## Work order
The result should be an exact copy of the entries that follow, with no pictures included.

=== Data records ===

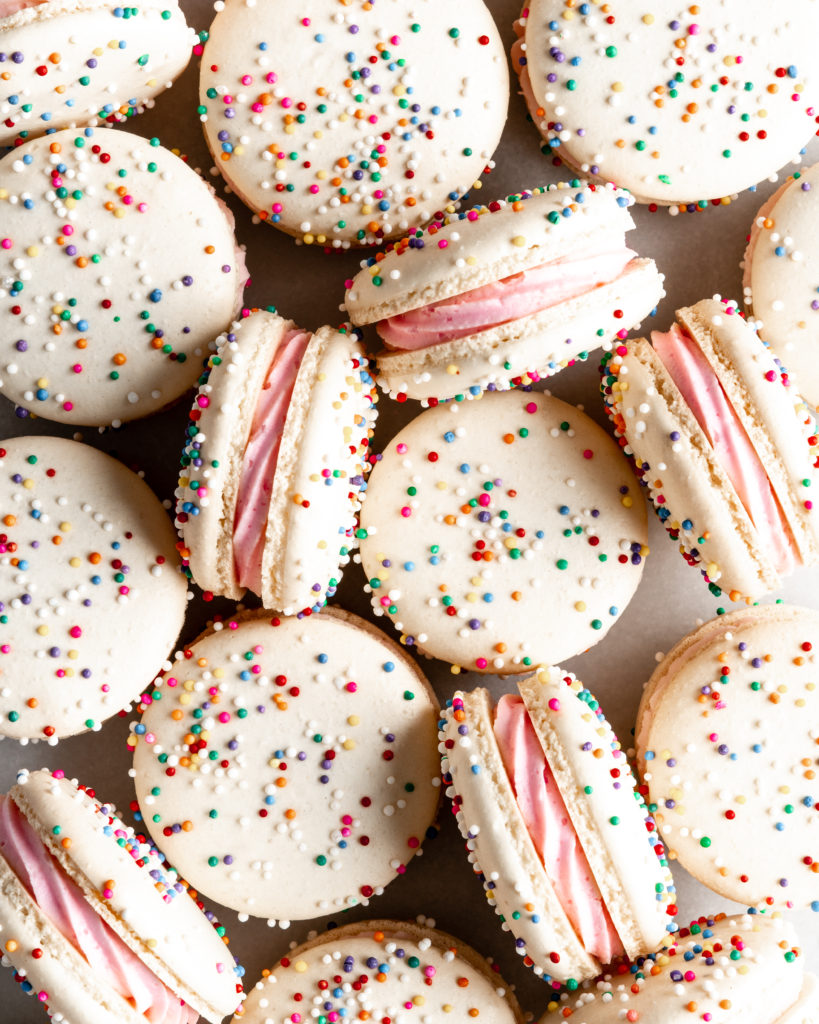 White Birthday Cake Macarons covered in rainbow sprinkles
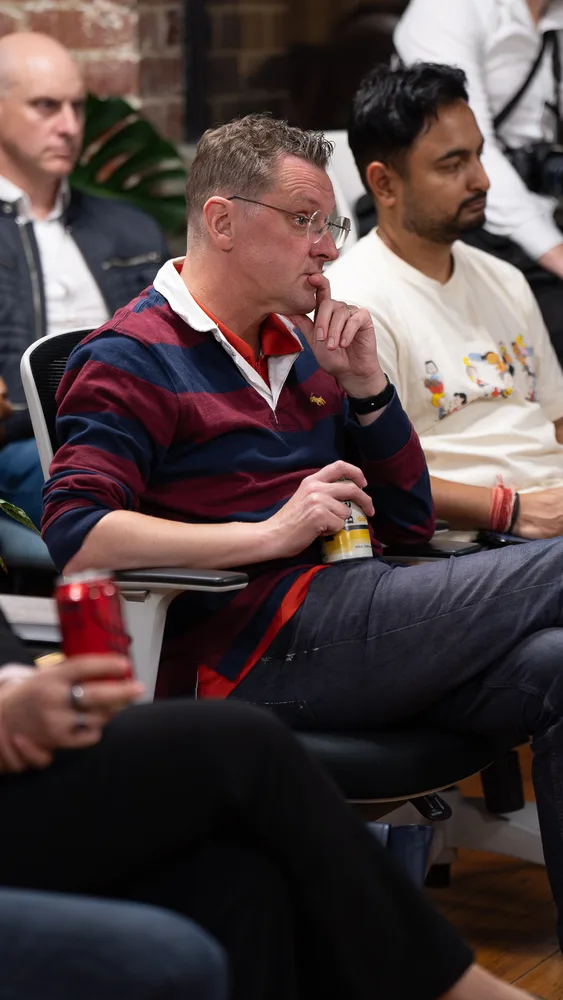 Guests listening and exchanging ideas at a Melbourne storytelling event.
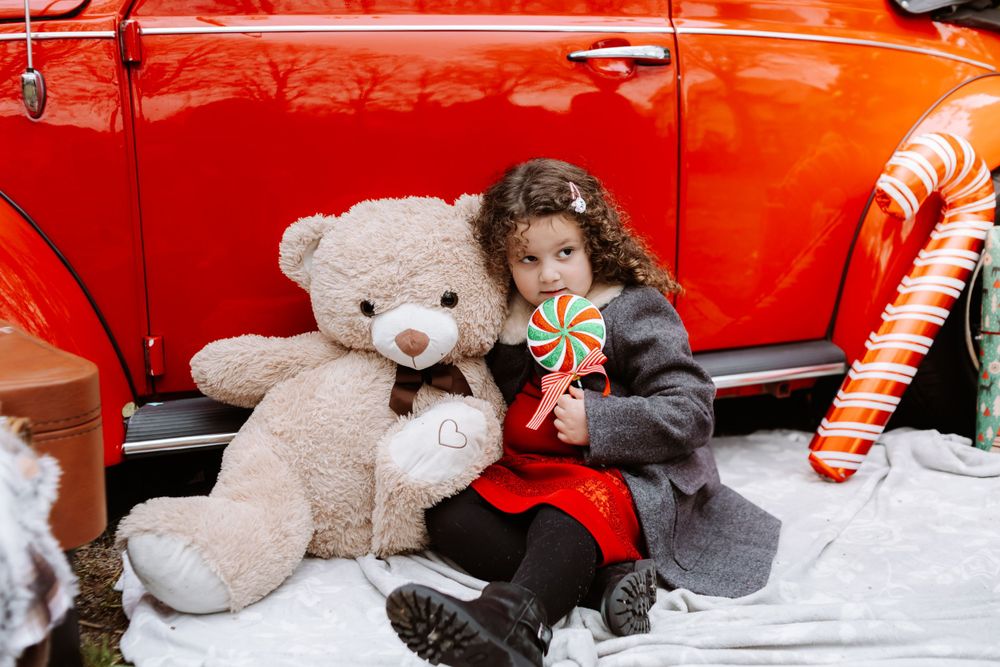 Mini-session photo de Noël 2024 avec une coccinelle VW rouge décorée pour les fêtes, créant une ambiance festive et chaleureuse.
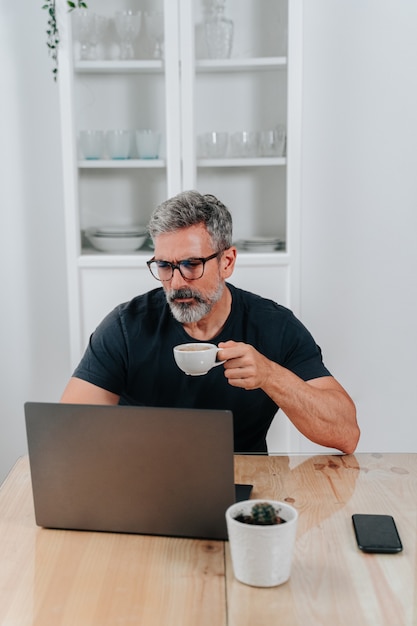 Homme dans la cinquantaine travaillant à domicile tout en prenant un café et est en appel vidéo sur l'ordinateur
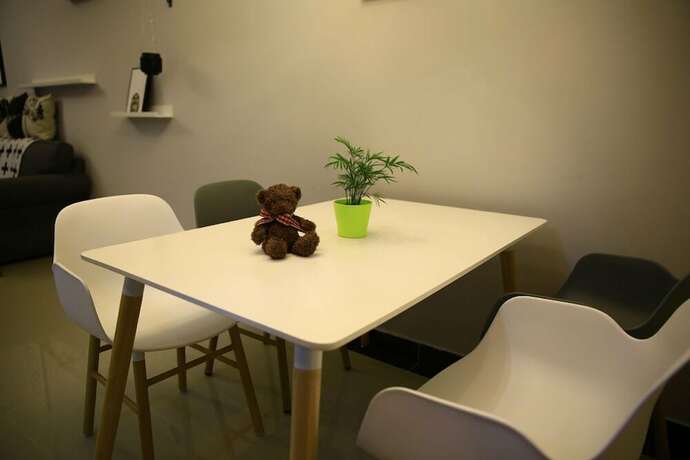 Imagen de la habitación del Hotel Xinguang Apartment. Foto 16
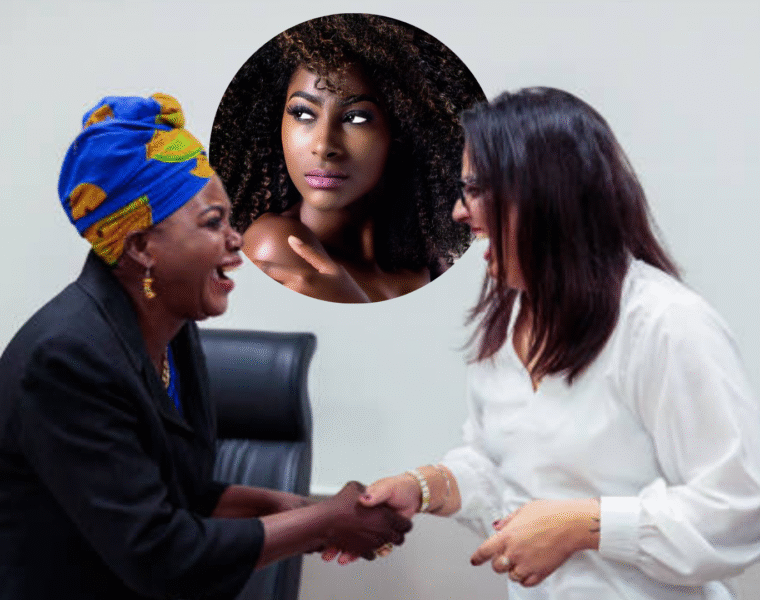African woman shaking hands with a Indian woman.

===

## Solution
 White Birthday Cake Macarons covered in rainbow sprinkles
 Guests listening and exchanging ideas at a Melbourne storytelling event.
 Mini-session photo de Noël 2024 avec une coccinelle VW rouge décorée pour les fêtes, créant une ambiance festive et chaleureuse.
 Homme dans la cinquantaine travaillant à domicile tout en prenant un café et est en appel vidéo sur l'ordinateur
 Imagen de la habitación del Hotel Xinguang Apartment. Foto 16
African woman shaking hands with a Indian woman.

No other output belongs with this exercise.